====== INPUT RECORDS

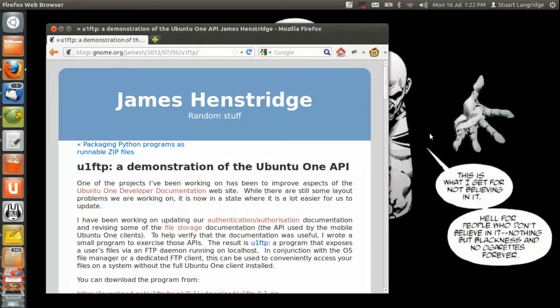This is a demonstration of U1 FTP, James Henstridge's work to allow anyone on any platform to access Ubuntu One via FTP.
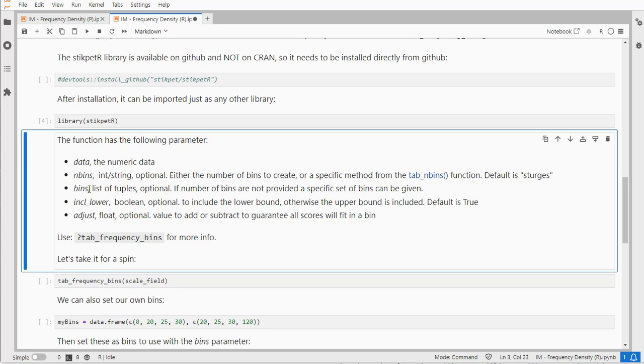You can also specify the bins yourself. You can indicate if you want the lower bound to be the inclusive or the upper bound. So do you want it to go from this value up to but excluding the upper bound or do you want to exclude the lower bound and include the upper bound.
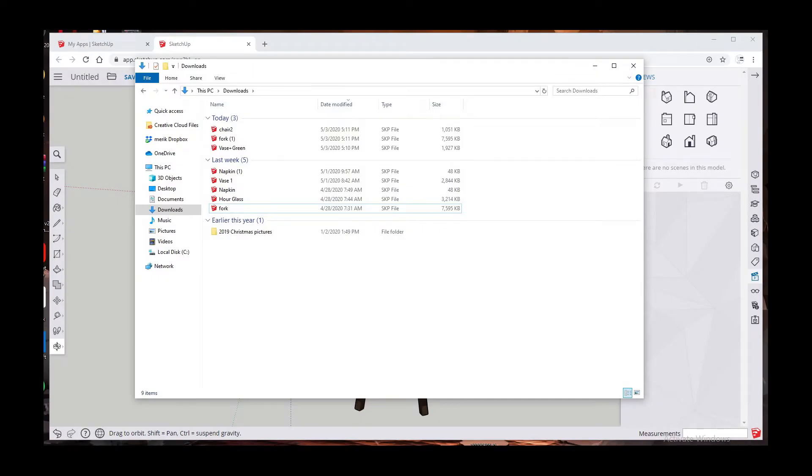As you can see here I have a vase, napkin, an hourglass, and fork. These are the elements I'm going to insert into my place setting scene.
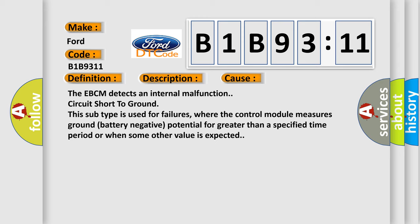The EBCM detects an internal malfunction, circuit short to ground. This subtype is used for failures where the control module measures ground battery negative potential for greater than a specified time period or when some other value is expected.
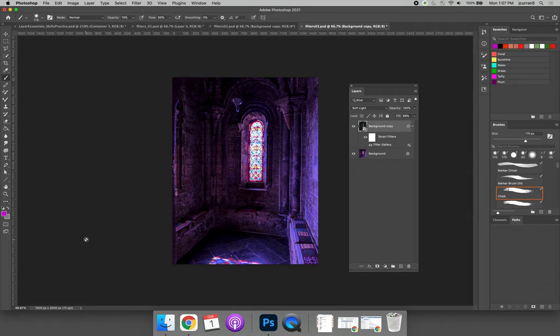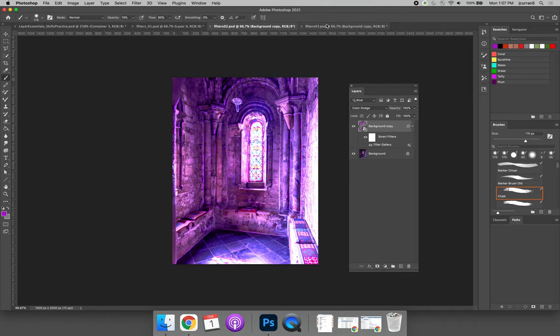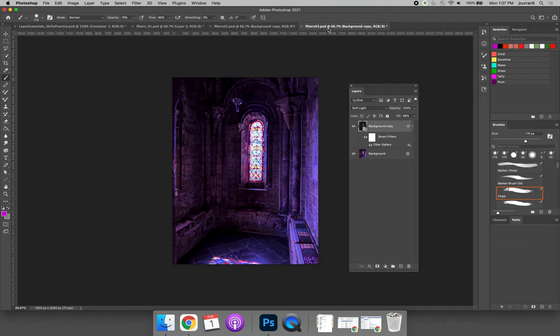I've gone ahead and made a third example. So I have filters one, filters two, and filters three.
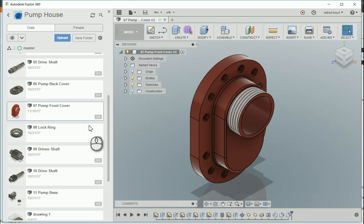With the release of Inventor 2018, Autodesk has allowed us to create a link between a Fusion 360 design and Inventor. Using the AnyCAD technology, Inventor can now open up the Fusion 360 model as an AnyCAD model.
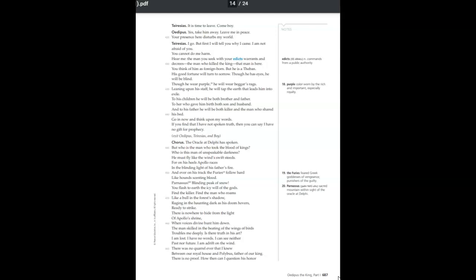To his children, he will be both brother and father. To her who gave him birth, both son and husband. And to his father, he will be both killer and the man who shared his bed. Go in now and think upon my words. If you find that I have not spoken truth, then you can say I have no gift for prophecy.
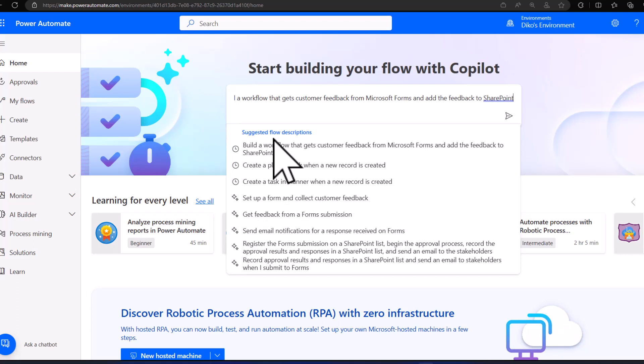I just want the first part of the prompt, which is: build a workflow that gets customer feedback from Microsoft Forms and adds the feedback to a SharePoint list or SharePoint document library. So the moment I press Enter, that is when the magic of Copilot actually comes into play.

============

→ **ASSIGNMENT**:
Copy the data exactly. Any picture it contains is to be omitted.

→ **WRITTEN SOLUTION**:
This is a demonstration of U1 FTP, James Henstridge's work to allow anyone on any platform to access Ubuntu One via FTP.
You can also specify the bins yourself. You can indicate if you want the lower bound to be the inclusive or the upper bound. So do you want it to go from this value up to but excluding the upper bound or do you want to exclude the lower bound and include the upper bound.
As you can see here I have a vase, napkin, an hourglass, and fork. These are the elements I'm going to insert into my place setting scene.
The EBCM detects an internal malfunction, circuit short to ground. This subtype is used for failures where the control module measures ground battery negative potential for greater than a specified time period or when some other value is expected.
I've gone ahead and made a third example. So I have filters one, filters two, and filters three.
With the release of Inventor 2018, Autodesk has allowed us to create a link between a Fusion 360 design and Inventor. Using the AnyCAD technology, Inventor can now open up the Fusion 360 model as an AnyCAD model.
To his children, he will be both brother and father. To her who gave him birth, both son and husband. And to his father, he will be both killer and the man who shared his bed. Go in now and think upon my words. If you find that I have not spoken truth, then you can say I have no gift for prophecy.
I just want the first part of the prompt, which is: build a workflow that gets customer feedback from Microsoft Forms and adds the feedback to a SharePoint list or SharePoint document library. So the moment I press Enter, that is when the magic of Copilot actually comes into play.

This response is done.